I regularly see poor photometry in the light curves. Sometimes with a deviation of more than 0.2 magnitudes. These observers certainly achieve high observation numbers, but they are of poor quality. What does the AAVSO do with these measurements? I don’t want to offend anyone, but what is the AAVSO’s policy regarding such observations?
Very little is done about bad photometry. Despite the efforts of the Data Quality Task Force I believe the problem will persist until:
A) There is a major education effort to teach people to care about the quality of their work.
B) We establish a (volunteer) team to scrutinize photometry. [Yes, they could only examine a sample of what is submitted, but by studying the light curves of popular targets, sources of chronically dubious data will become evident.]
C) We set up sufficient training resources to help observers improve.
D) We accept the necessity of “locking out” observers who refuse to improve.
Tom
In the olde days, when we submitted observations by paper and the AAVSO staff key-punched the data into machine readable format…
the volume of observations was low, at least for critical objects they also did some level of validation at the data entry stage. Most of the CVs and the LPVs I know were reviewed well.
It has always been the duty and job of the user of the data to verify observations once they are in the database. Filtering out "bad observations and bad observers was left to the user of the data. It still is.
Usually you can tell when a one-off-observations doesn’t make sense and easily remove it from consideration. Some of observers have strange biases in their data compared to others. Again easy to filter.
Btw, Vstar, makes it very easy to do this level of filtering.
However, the massive amounts of automated observing with little or no checking going on today before uploading to the AAVSO db makes the job harder. Many observers are taking photometry in weather conidtions not even close to photometric–I know I’ve done it on a few stars!
There are standard statistical ways of filtering data points when you have enough observations. Throw out gross errors, filter statistically using a model which can be hard especially if the star is say a catacylsmic variable, but if a pulsator something like a Fourier model can be used. Or heaven forbid just filter by the human eye and perception! This should be left to the data user mostly IMHO. Gross errors if detected usually stand out like a sore thumb
.
The real solution is for observers to do data checking, get the observing and reduction process stable, transform, and not be in a rush to upload. Some are doing this I’m sure but now for the rest of us.
Jim (DEY)
Amen to that!
The two worst problems we are finding in the all-sky photometry era, when people report data for everything they can in their images, are saturation and blending.
When reporting all objects in an image, the brighter stars might be saturated and the faintest stars won’t get a good signal-to-noise ratio. Stars should be selected to avoid reporting objects that won’t meet photometric quality standards.

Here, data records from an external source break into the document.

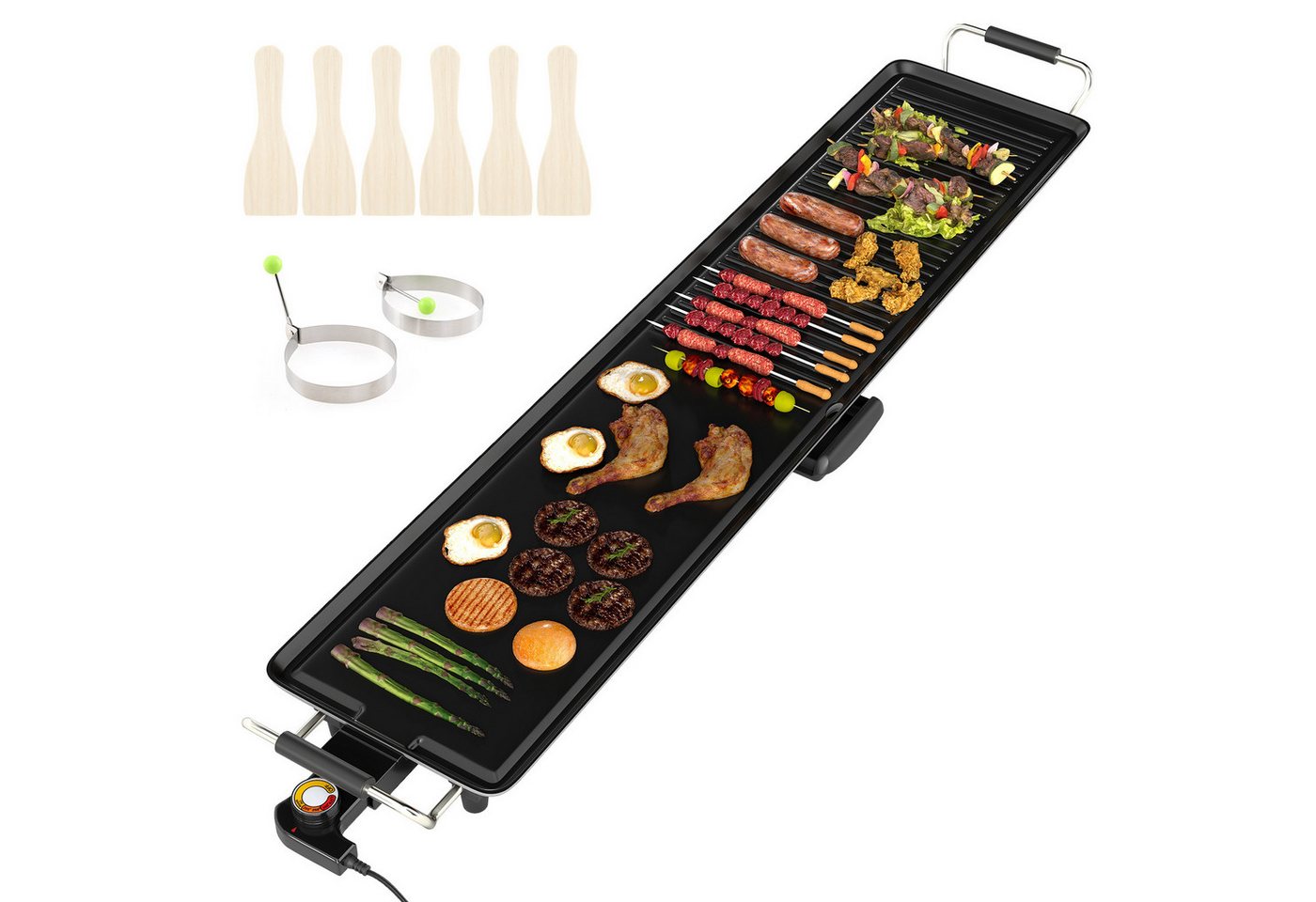 COSTWAY Warmhalteplatte, 1800W Elektrogrill mit Einstellbarer Temperatur, 90cm Bild 3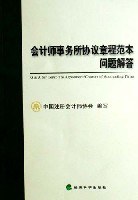 会计师事务所协议章程范本问题解答 pdf epub mobi 电子书 下载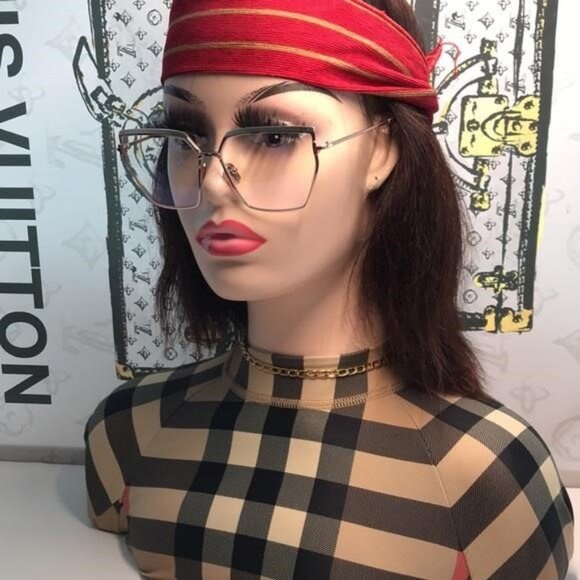 New Authentic Tom Ford Women's Gold Frame Glasses TF5946-B 028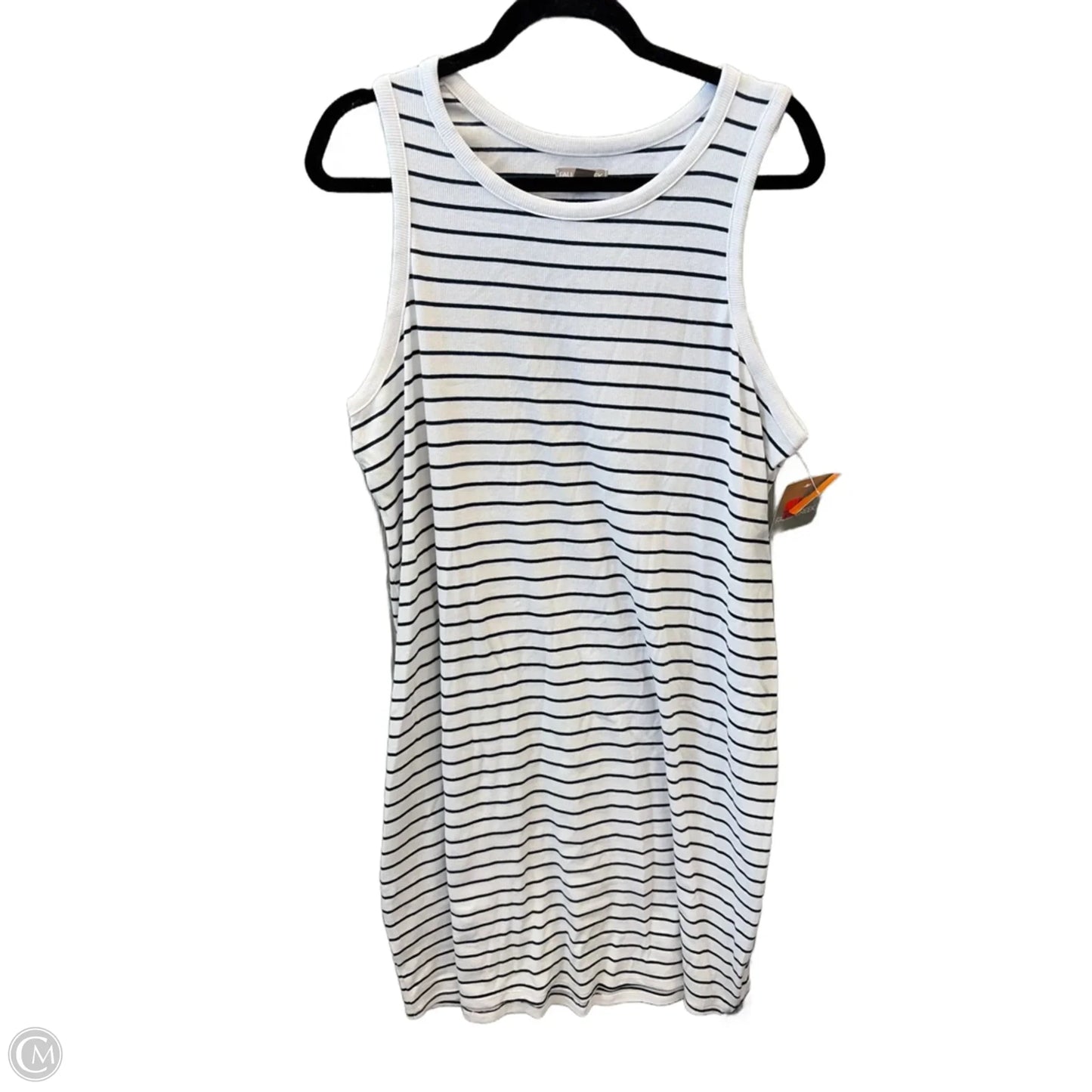 Dress Casual Midi By Falls Creek In Striped Pattern, Size: 1x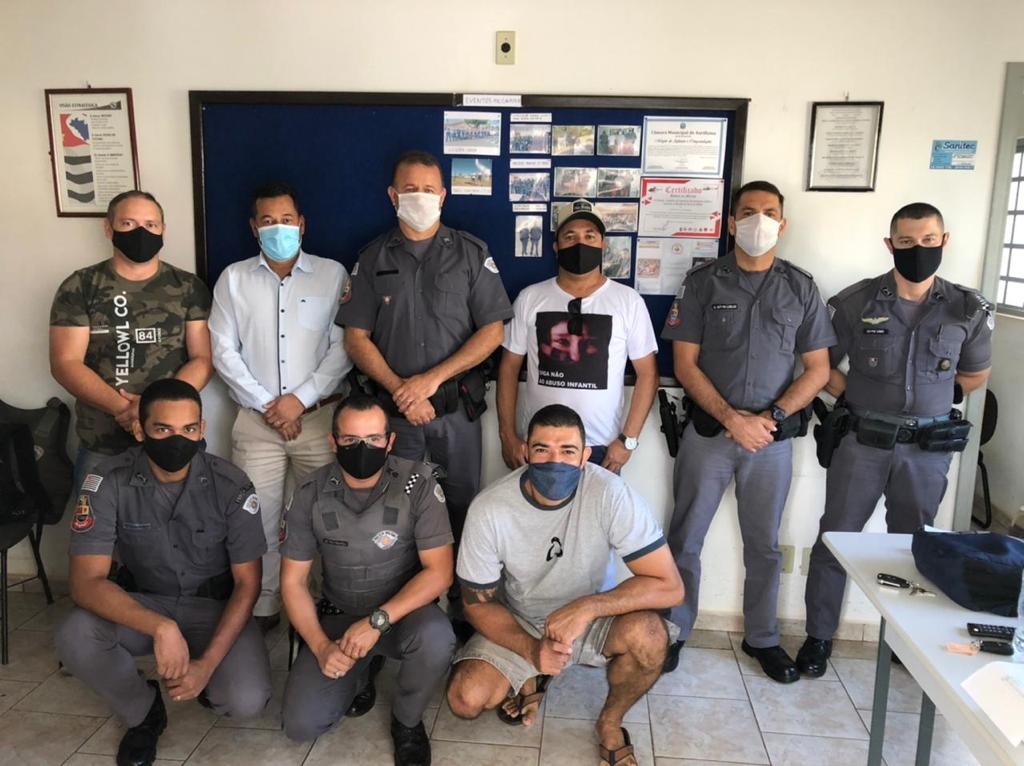 PREFEITO LIÓ VISITOU O QUARTEL DA POLÍCIA MILITAR DE SUD MENNUCCI PARA FORTALECER A PARCERIA COM A PREFEITURA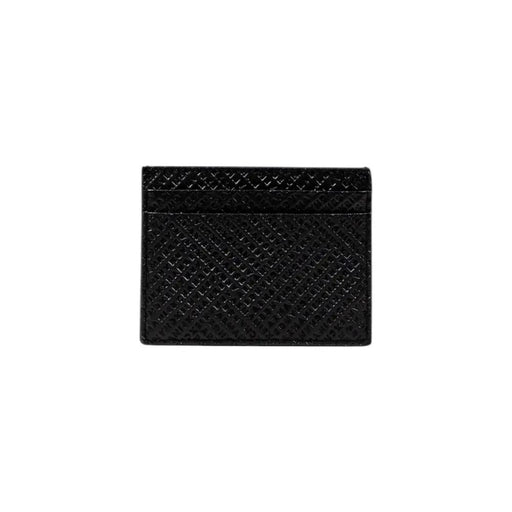 Armani Exchange Black Leather Cardholder by Armani Exchange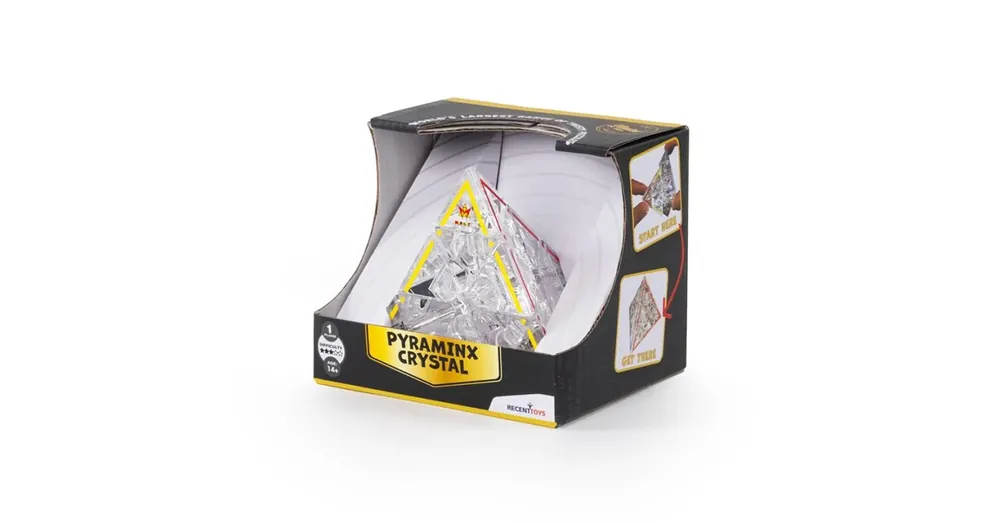 Korlátozott ajánlat Recent Toys Crystal Pyraminx logikai játék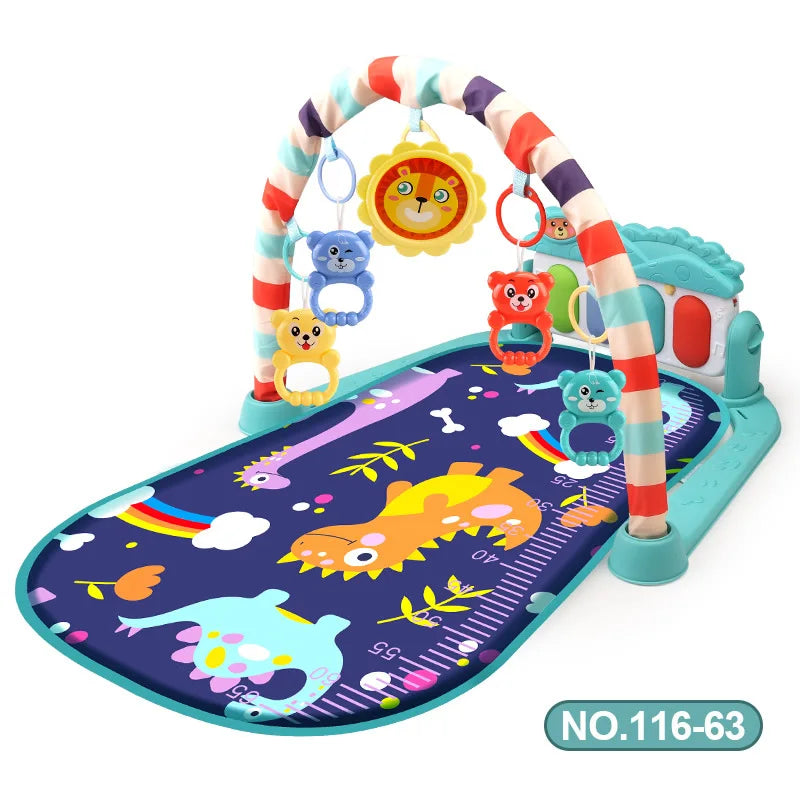 Baby Activity Gym Play Mat - Musical Fitness Frame & Educational Crawling Carpet for Infants, Toddlers, and Kids 🎶🍼👶 Perfect Gift!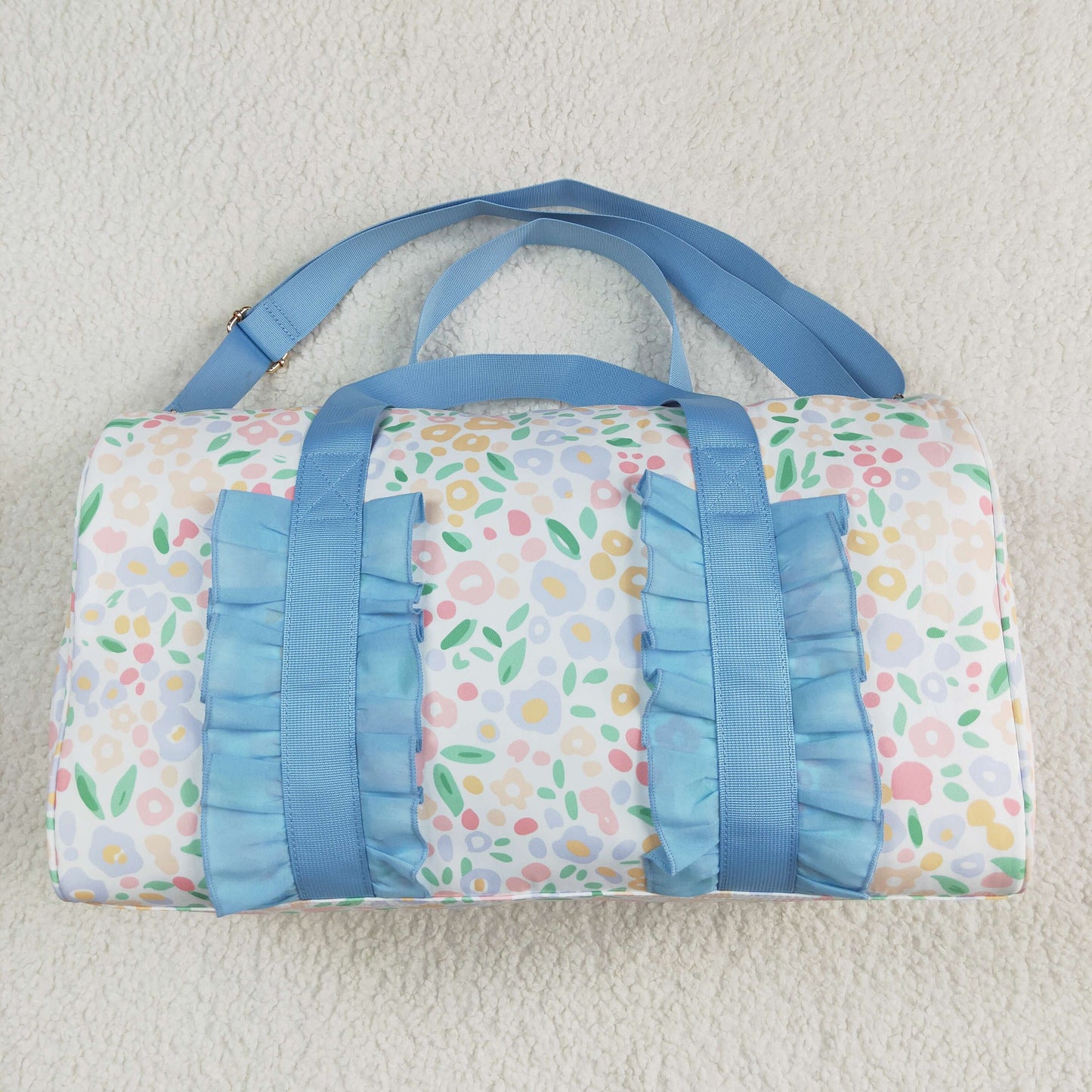 colorful floral duffel & gym bags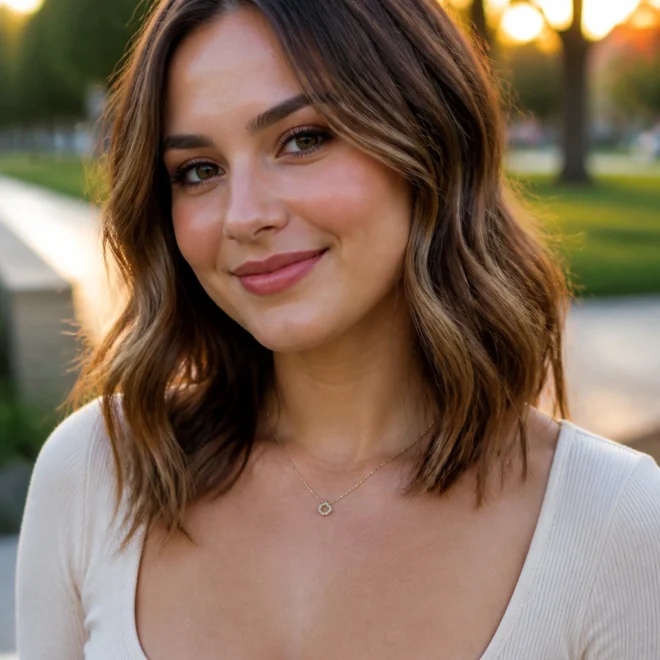 15 Hair Waves for Round Faces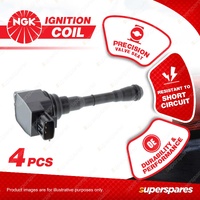 4 x NGK Ignition Coils for Nissan X-Trail T32 Juke F15 Pulsar C12 Qashqai Serena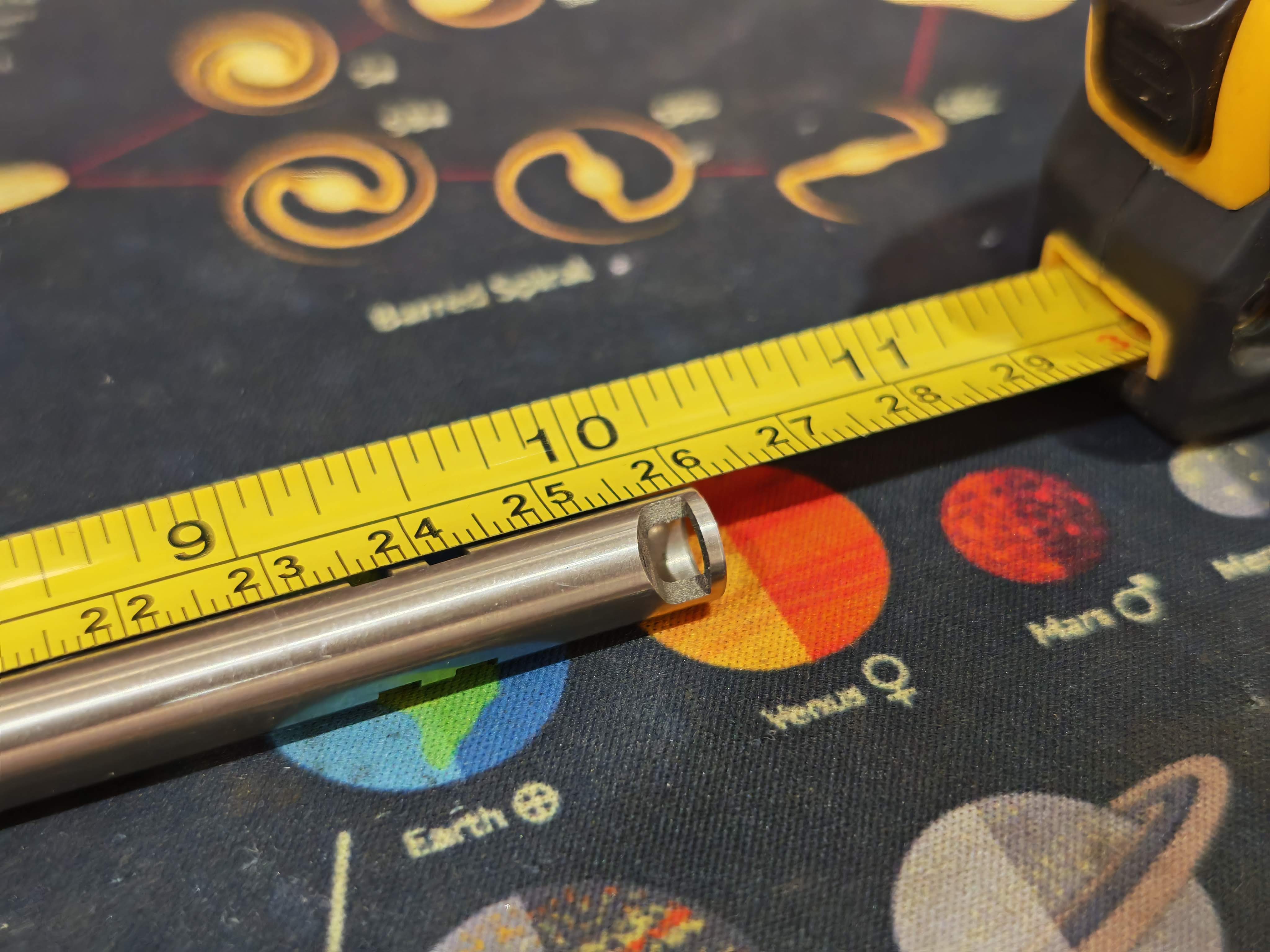 ท่อรีดแสตนเลส 260 mm x 6.03 Military Action สำหรับปืนยาวไฟฟ้า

And images should also be visually inspected to avoid reporting stars that are blended with others. Reduced amplitudes, brighter zero points, and sometimes plain wrong identifications are not uncommon. A typical situation is reporting a bright (e.g. 11st mag.) star which is close to a faint (e.g. 17th mag.) variable as if it was the variable itself. So we get 11 mag. measures for a 17th mag. star that is actually invisible.
Cadence is another issue. If you report both a mira variable with a 360 d period and a DSCT with a period of 0.03 d, time series will be useful for the latter but won’t be useful for the former.
Paying attention to all these things will improve the overall quality of our database.
Cheers,
Sebastian
I am thankful that Sebastian has caught some of the blended stuff that i have unwittingly tried to submit. As for the saturation problem, I find that VPHOT has a nice filter for that. It gets grayed out and not reported.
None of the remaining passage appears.